■ **TASK ITEM**:
With pictures left out, copy exactly every line from the one containing "Holzregal mit Vorratsdosen" through the end of the material.

■ **PROVIDED INFORMATION**:
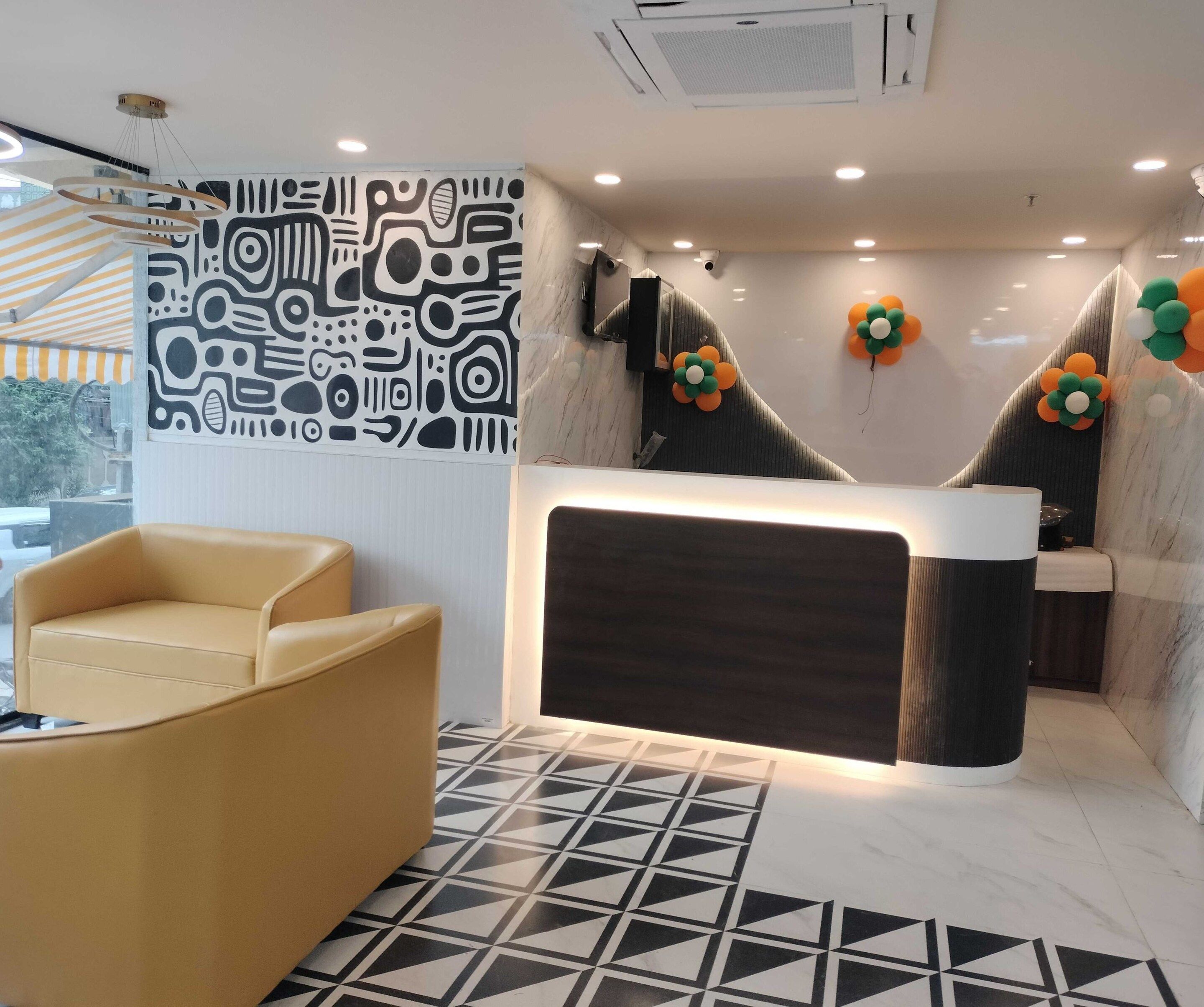Uma área de recepção com design moderno, incluindo uma parede com padrão, um balcão de atendimento e uma área de estar com piso estampado.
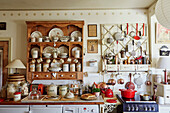Holzregal mit Vorratsdosen und Geschirr, daneben verschiedene Küchenutensilien an Vintage Regal in der Küche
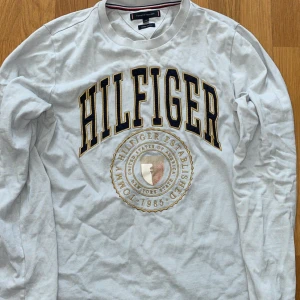 Tommy Hilfiger - Säljer en vit långärmad tröja från Tommy Hilfiger med stort broderat märke på framsidan. Tröjan har en rund halsringning och är perfekt för en avslappnad stil. Passar bra till jeans eller chinos.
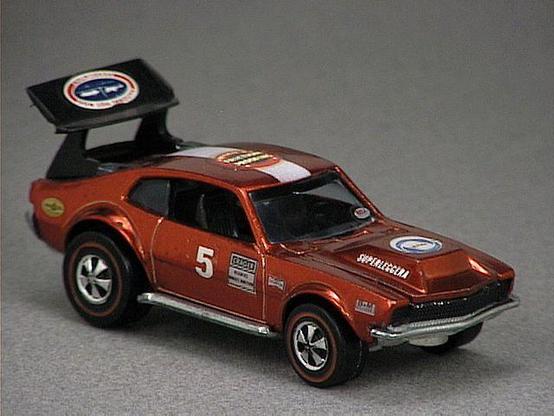 Released in 1970, Spectraflame Brown Mighty Maverick of 1970 Hot Wheels with Redline wheels. Notes: Hood lifts up to reveal a metal engine. comes with a black or white stripe on roof, black plastic rear spoiler. US version has a thicker stripe on the roof and black headlights. Packaging: 1970 Blister. Metal Body, Metal Base. Made in USA. Scarcity: 8/10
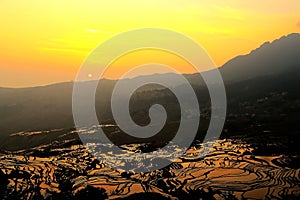 The Sunrise scenery of Yuenyang Hani Terrace in Yunnan , China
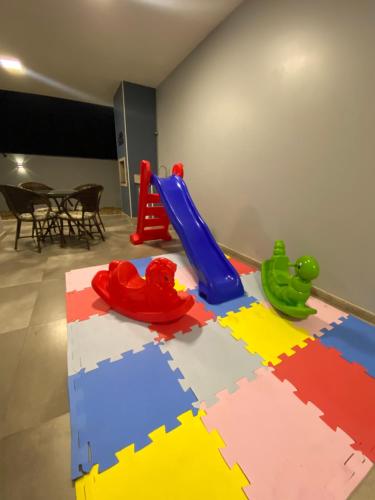 a play room with a table with toys on it at Recanto da Natureza & SPA in Penha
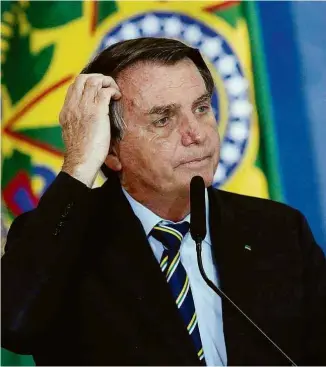  ?? Sergio Lima/AFP ?? O presidente Jair Bolsonaro em cerimônia do Planalto nesta quarta-feira (12)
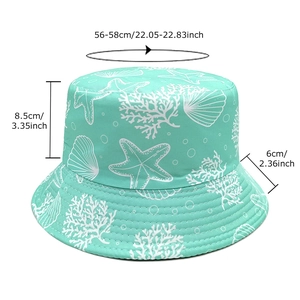 Mint green reversible sun hat with starfish print and precise size measurements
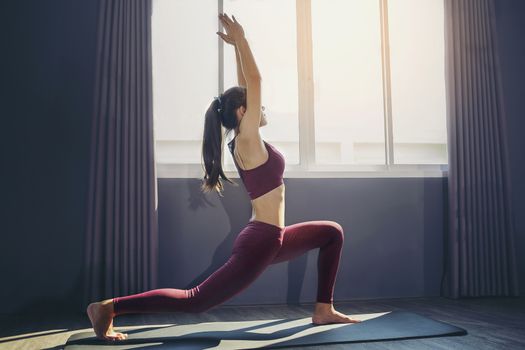 Young sporty woman practicing yoga, doing Purvottanasana exercise, working out, wearing sportswear, Red pants and top, indoor full length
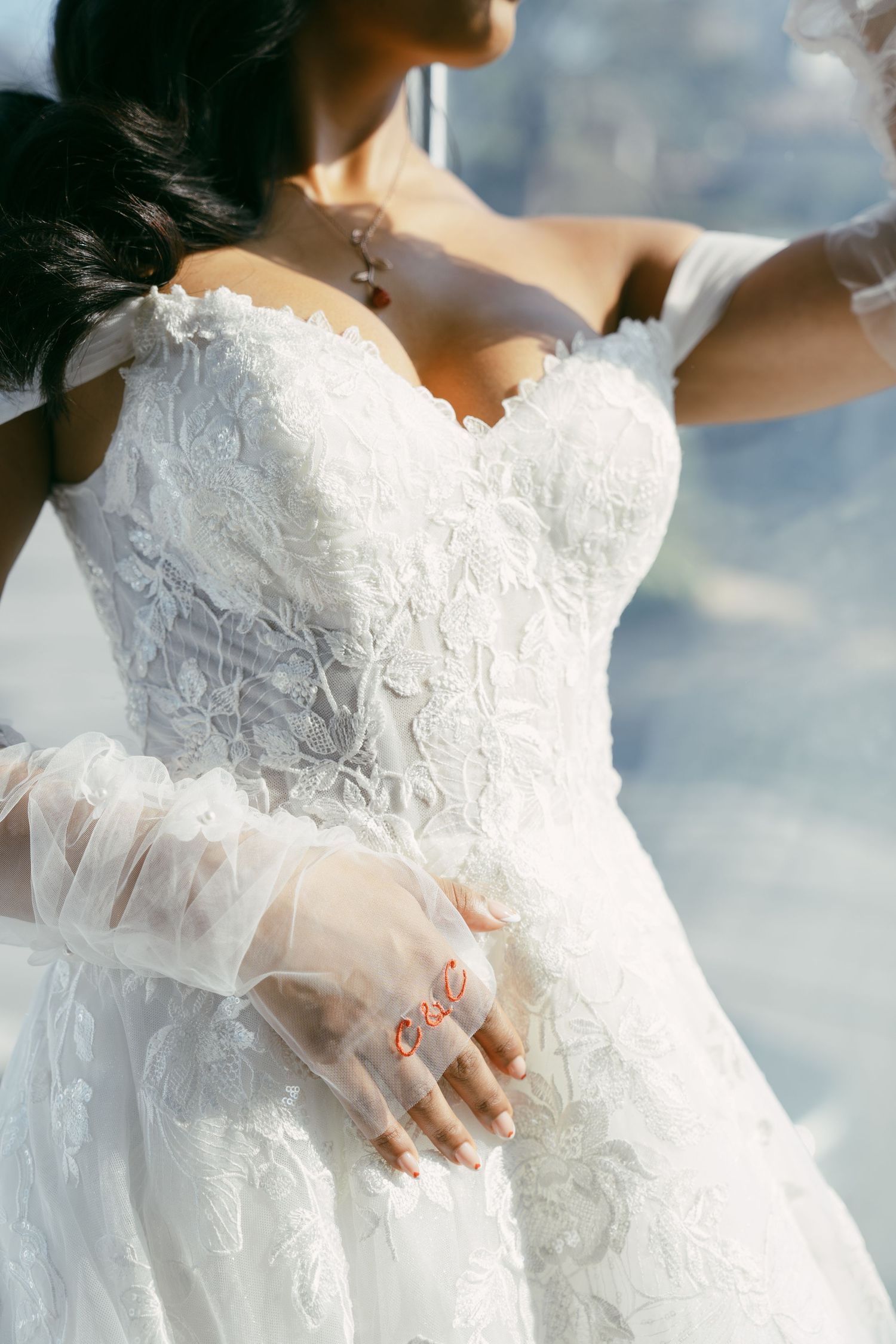 Close-up detail of a white lace wedding dress bodice with sheer sleeves.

■ **WRITTEN REPLY**:
Holzregal mit Vorratsdosen und Geschirr, daneben verschiedene Küchenutensilien an Vintage Regal in der Küche
 Tommy Hilfiger - Säljer en vit långärmad tröja från Tommy Hilfiger med stort broderat märke på framsidan. Tröjan har en rund halsringning och är perfekt för en avslappnad stil. Passar bra till jeans eller chinos.
 Released in 1970, Spectraflame Brown Mighty Maverick of 1970 Hot Wheels with Redline wheels. Notes: Hood lifts up to reveal a metal engine. comes with a black or white stripe on roof, black plastic rear spoiler. US version has a thicker stripe on the roof and black headlights. Packaging: 1970 Blister. Metal Body, Metal Base. Made in USA. Scarcity: 8/10
 The Sunrise scenery of Yuenyang Hani Terrace in Yunnan , China
 a play room with a table with toys on it at Recanto da Natureza & SPA in Penha
  ?? Sergio Lima/AFP ?? O presidente Jair Bolsonaro em cerimônia do Planalto nesta quarta-feira (12)
 Mint green reversible sun hat with starfish print and precise size measurements
 Young sporty woman practicing yoga, doing Purvottanasana exercise, working out, wearing sportswear, Red pants and top, indoor full length
 Close-up detail of a white lace wedding dress bodice with sheer sleeves.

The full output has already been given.